Brandon Cemetery (commonly referred to as Old Brandon Cemetery) is located in Brandon, Mississippi, northeast of the Downtown Brandon Historic District. It is an 8.8 acre cemetery originally platted in 1831. The cemetery contains over 1,000 marked graves, and was added to the National Register of Historic Places in 2010.

==Description==
The cemetery is bordered by a cast-iron fence and a stand of magnolia trees. The earliest graves, from 1834, are located on the eastern side of the cemetery. Graves from 1854 can be found on the western side of the property. The center of the cemetery contains a monument and plot of Civil War era graves, erected by the Sons of Confederate Veterans, which contains the remains of over 200 Union and Confederate soldiers who fought in the Battle of Shiloh.
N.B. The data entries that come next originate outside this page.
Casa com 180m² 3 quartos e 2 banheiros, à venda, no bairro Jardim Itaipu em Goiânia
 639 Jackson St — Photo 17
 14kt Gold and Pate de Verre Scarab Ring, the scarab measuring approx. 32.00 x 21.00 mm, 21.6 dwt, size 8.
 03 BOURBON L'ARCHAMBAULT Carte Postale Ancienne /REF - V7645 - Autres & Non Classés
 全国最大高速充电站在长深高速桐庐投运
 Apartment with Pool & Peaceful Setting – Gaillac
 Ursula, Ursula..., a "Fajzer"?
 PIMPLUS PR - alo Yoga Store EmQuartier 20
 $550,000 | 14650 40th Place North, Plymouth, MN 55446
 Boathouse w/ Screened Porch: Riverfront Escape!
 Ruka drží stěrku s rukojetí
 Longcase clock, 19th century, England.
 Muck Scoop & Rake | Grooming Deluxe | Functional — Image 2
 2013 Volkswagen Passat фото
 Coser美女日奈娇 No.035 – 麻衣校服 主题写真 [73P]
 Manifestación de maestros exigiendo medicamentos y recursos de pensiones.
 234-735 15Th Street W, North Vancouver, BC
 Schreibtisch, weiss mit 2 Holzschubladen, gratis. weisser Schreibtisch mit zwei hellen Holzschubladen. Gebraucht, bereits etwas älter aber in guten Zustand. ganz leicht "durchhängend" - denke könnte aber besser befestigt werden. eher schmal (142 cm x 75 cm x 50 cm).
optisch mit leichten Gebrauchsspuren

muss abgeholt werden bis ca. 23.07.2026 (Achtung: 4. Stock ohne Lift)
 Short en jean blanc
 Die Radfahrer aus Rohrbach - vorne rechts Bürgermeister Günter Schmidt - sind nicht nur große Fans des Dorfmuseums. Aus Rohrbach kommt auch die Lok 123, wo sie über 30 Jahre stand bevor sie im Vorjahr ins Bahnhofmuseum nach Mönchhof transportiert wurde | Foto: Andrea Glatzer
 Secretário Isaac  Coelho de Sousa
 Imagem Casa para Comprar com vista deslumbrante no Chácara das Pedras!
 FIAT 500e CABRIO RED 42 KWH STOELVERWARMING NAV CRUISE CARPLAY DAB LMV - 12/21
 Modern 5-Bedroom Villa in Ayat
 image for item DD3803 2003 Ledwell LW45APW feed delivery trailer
One small mausoleum with a gabled roof contains the remains of members of an early local family. Other areas of the cemetery include family plots, marked by brick walls; graves of Yellow Fever epidemic victims; and un-inscribed headstones of unidentified early African American residents. The majority of the grave markers are rounded-top headstones. The cemetery also features a variety of ornate headstones; including statuary, sculptures and reliefs. Many of the decorative headstones incorporate symbols of fraternal organizations and religious imagery.

==Notable burials==
- Patrick Henry (Mississippi politician)
- Robert Lowry (governor)
- Anselm J. McLaurin
- Daisy McLaurin Stevens

==Current status==
The cemetery is considered active, as there are still plots available for sale. Recent efforts have been made to improve upkeep of the cemetery, including landscaping and new fencing. The cemetery can be viewed by the public during the day, from sunrise to sunset.